Excerpted data START
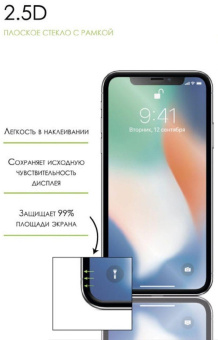 Защитное стекло для экрана LuxCase прозрачный для ZTE Blade L8/L9 прозрачная 1шт. (83244) от магазина РЭССИ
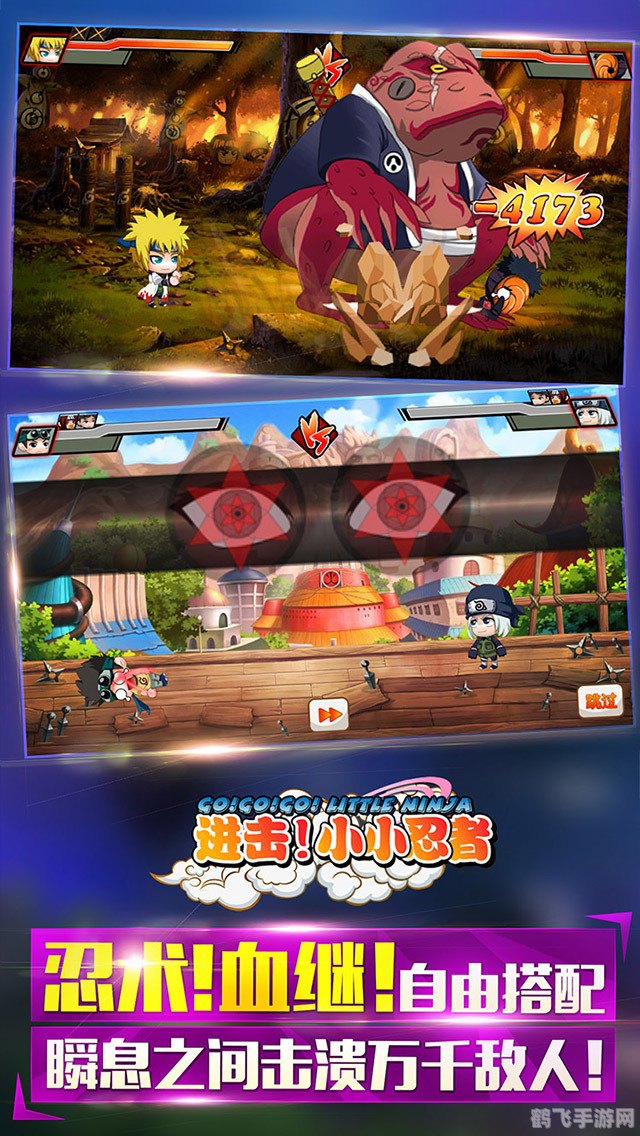 小小忍者停运探因及怀旧玩法攻略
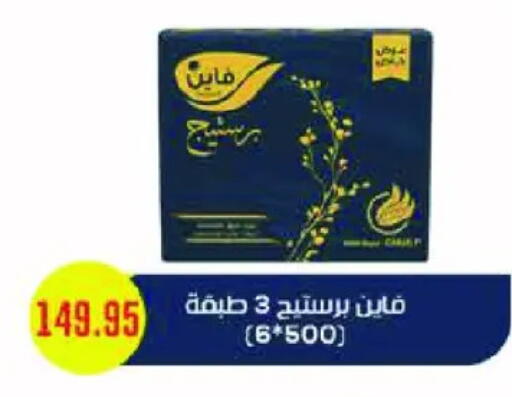 available at رويال هاوس in Egypt - القاهرة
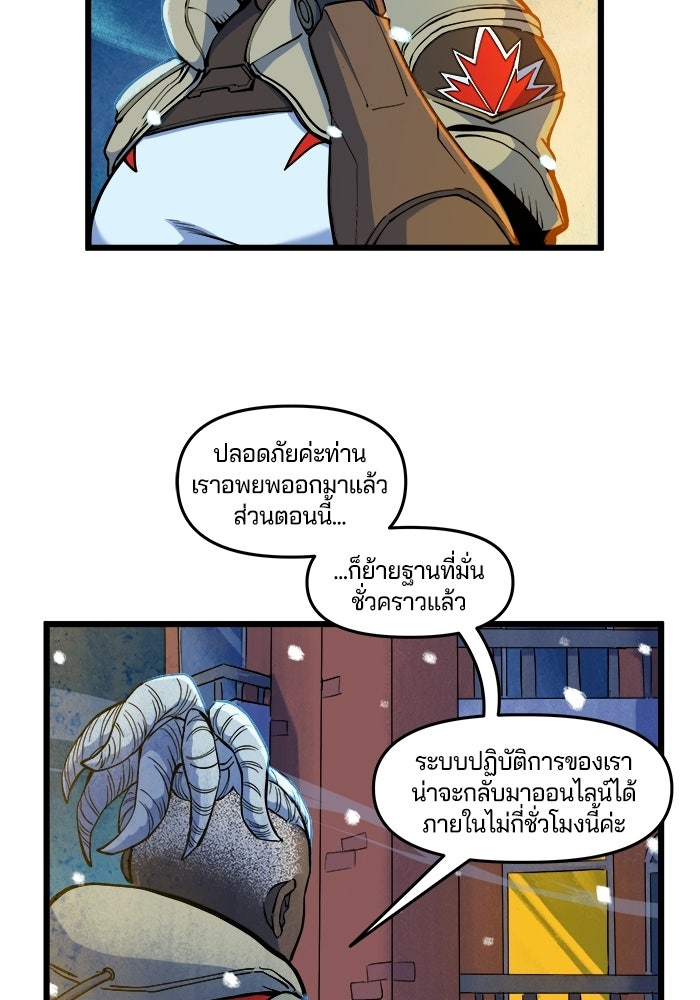 Overwatch: น้ำหนึ่งใจเดียว - หน้า 46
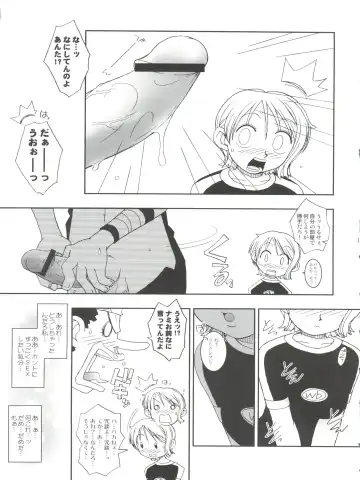 [Ninnin] ORANGE PIE Vol. 3 Fhentai - Page 15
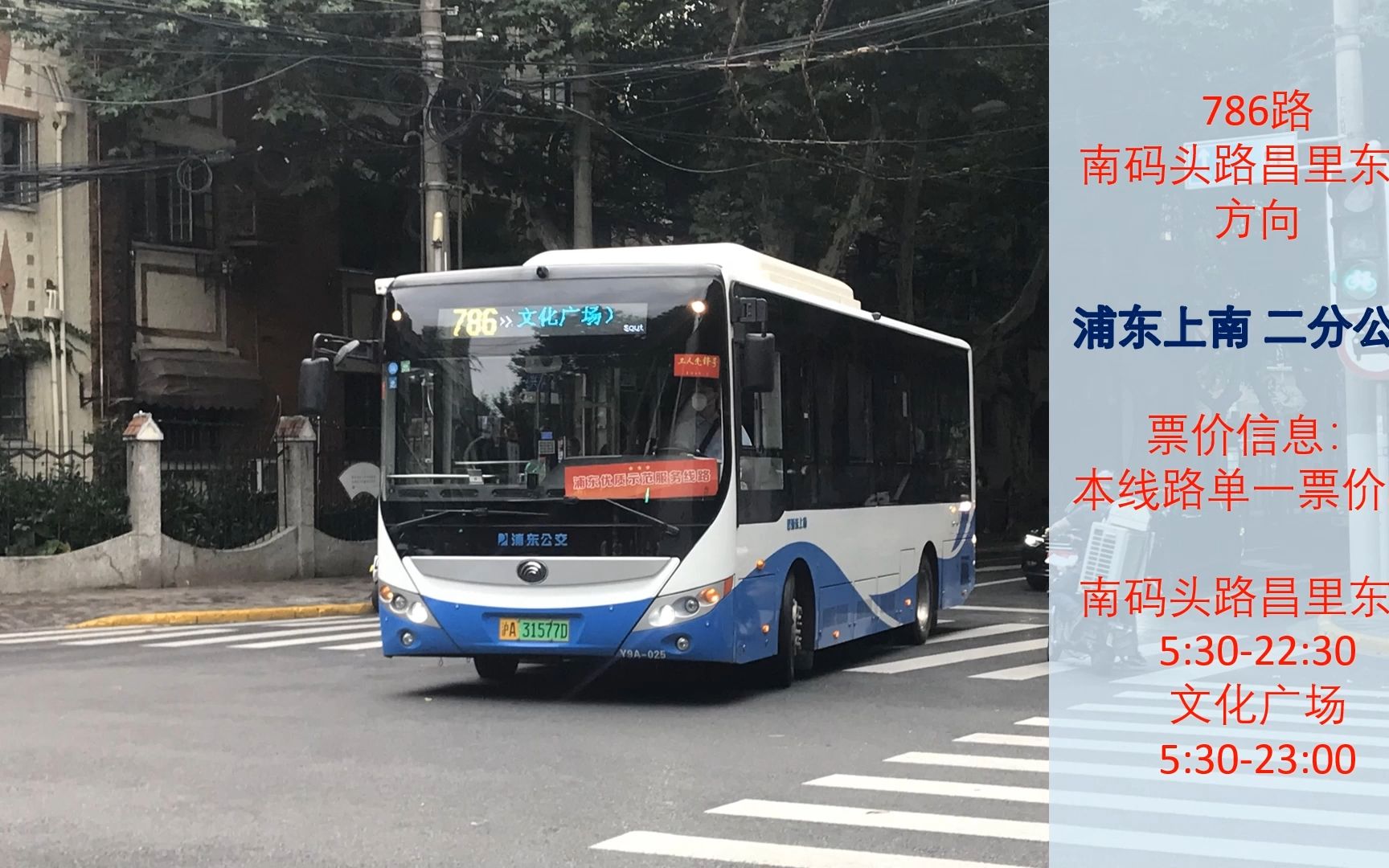 [上海公交][pov91]浦东上南786路文化广场→南码头路昌里东路第一视角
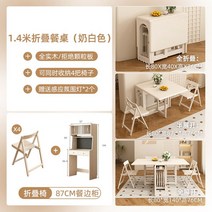 .접이식식탁 휴대용테이블 조립식 원목 대형 테이블 접이식 식탁 확장형, 34.87cm전체원목찬장+1.4m식탁+원목접이식의자x4
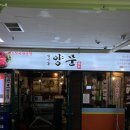 남영동양문반포 | 고속터미널역 고기집 고터소고기 | 남영동양문 반포직영점 (생소갈비 한판)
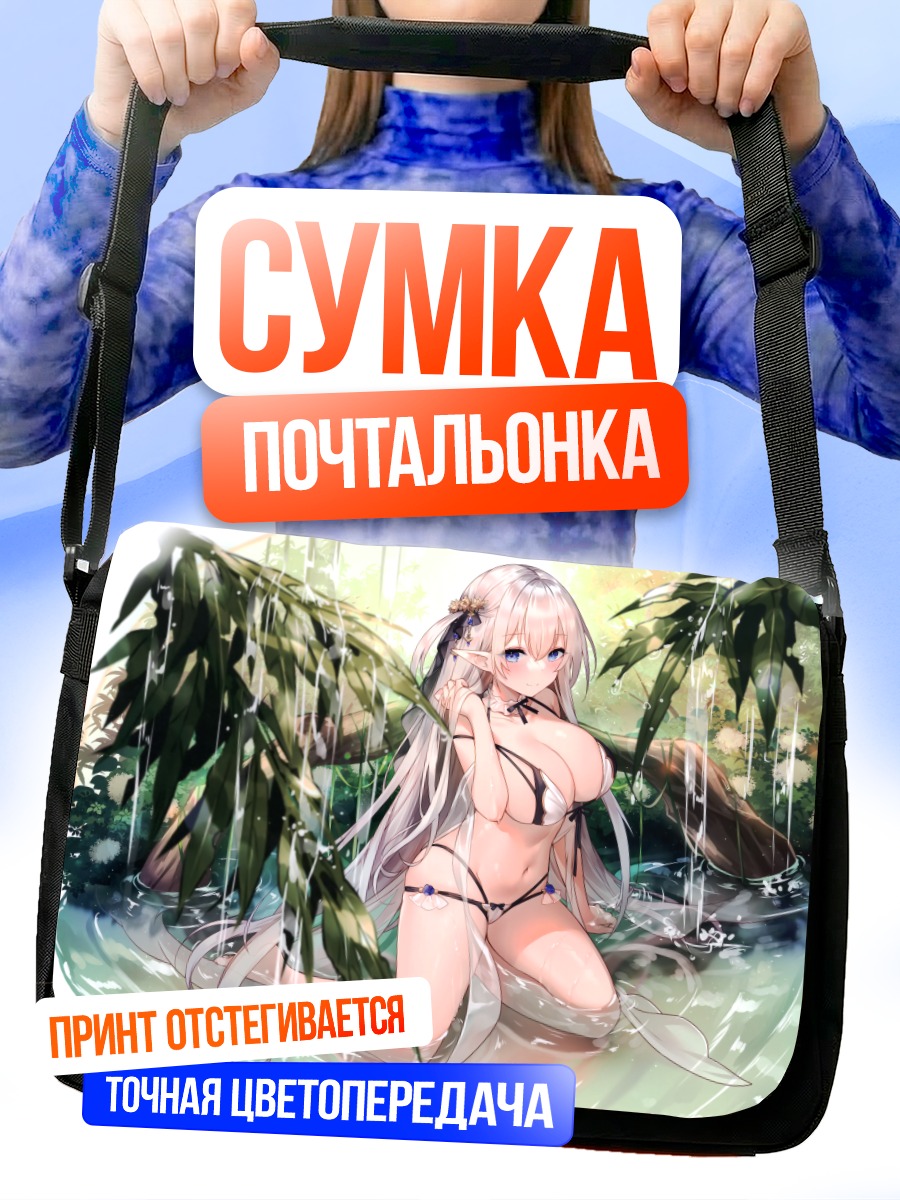 Сумка-почтальонка Эльфийка в бикини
Excerpted data END
■ Exercise: Output exactly the lines from the line with "available at رويال هاوس in Egypt - القاهرة" to the last line of the records, including both, and leave every picture out.

■ Exercise answer:
 available at رويال هاوس in Egypt - القاهرة
 Overwatch: น้ำหนึ่งใจเดียว - หน้า 46
 [Ninnin] ORANGE PIE Vol. 3 Fhentai - Page 15
 [上海公交][pov91]浦东上南786路文化广场→南码头路昌里东路第一视角
 .접이식식탁 휴대용테이블 조립식 원목 대형 테이블 접이식 식탁 확장형, 34.87cm전체원목찬장+1.4m식탁+원목접이식의자x4
 남영동양문반포 | 고속터미널역 고기집 고터소고기 | 남영동양문 반포직영점 (생소갈비 한판)
 Сумка-почтальонка Эльфийка в бикини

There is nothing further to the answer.